Neither of these plans would have been possible without years of grassroots organizing by currently and formerly incarcerated people and their loved ones. Each incorporates some of the wisdom born of this organizing, which is itself a victory. The plans themselves mirror the candidates: Sanders often uses bolder slogans, Warren often more precise language. Sanders features a category on “ending mass incarceration and excessive sentencing,” whereas Warren’s similar section, “Reforming Incarceration,” highlights the 1994 crime bill and related policy shifts. While both plans identify urgent areas of change, they also miss some opportunities to challenge the bipartisan consensus — and to lay out a plan to close prisons and jails. They come up against the technical limits of presidential power and — to a certain degree — are hampered by a reform framework that is still stuck in austerity logic. These plans are best seen as terrains of struggle, not finished blueprints. It’s the job of social movements to keep pushing the conversation.

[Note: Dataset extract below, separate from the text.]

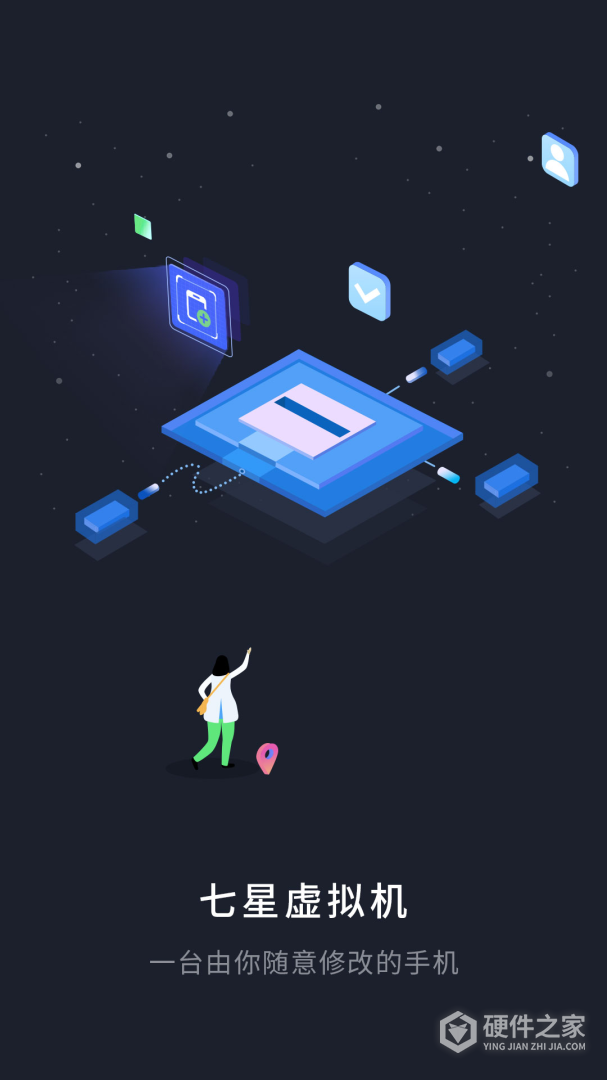 七星虚拟机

First, it’s important to acknowledge the mammoth task facing a president who actually wants to end this country’s punishment problem. “Mass incarceration” — the interlocking institutions of police, prosecution, surveillance and incarceration — is not one thing. Rather, it is a series of institutions — governmental, corporate and nonprofit — that operate on the local, state, federal and international levels. A local police department, a state prison and ICE are governed by different institutions. While each one is engaged in the business of social control, the mechanisms differ. And the federal government’s role is mixed. The federal Bureau of Prisons accounts for 12 percent of the incarcerated population — but the Department of Homeland Security is the ultimate governing body for immigrant detention centers — many of which are privately run — and the growing legion of concentration camps on the border.
Because much of the carceral infrastructure is governed at the state and local levels, neither candidate could do all of what they say they want to do. It’s not clear, for instance, that a President Sanders or Warren could end zero-tolerance discipline practices in schools or transform the practices of metropolitan police departments, both of which are largely local and state considerations. Their respective promises to “incentivize” change lack clear mechanisms for implementation. Our excitement about the promising elements of both plans, therefore, needs to be tempered by the realization that we have a long, hard fight ahead to end the violence of police, prisons and deportations. Nevertheless, the federal government can set the priorities — and supply the funds — for states and cities to follow.
What’s good
As they have done with other issues throughout the primaries, both Sanders and Warren connect the problem of police and incarceration to other forms of economic precarity and social control. Both speak to the need for everyone to have quality education and stable housing. Such demands are not only basic human rights, but place the conversation about ending mass incarceration where it belongs — as a fundamental component of pursuing structural equity, democracy and justice.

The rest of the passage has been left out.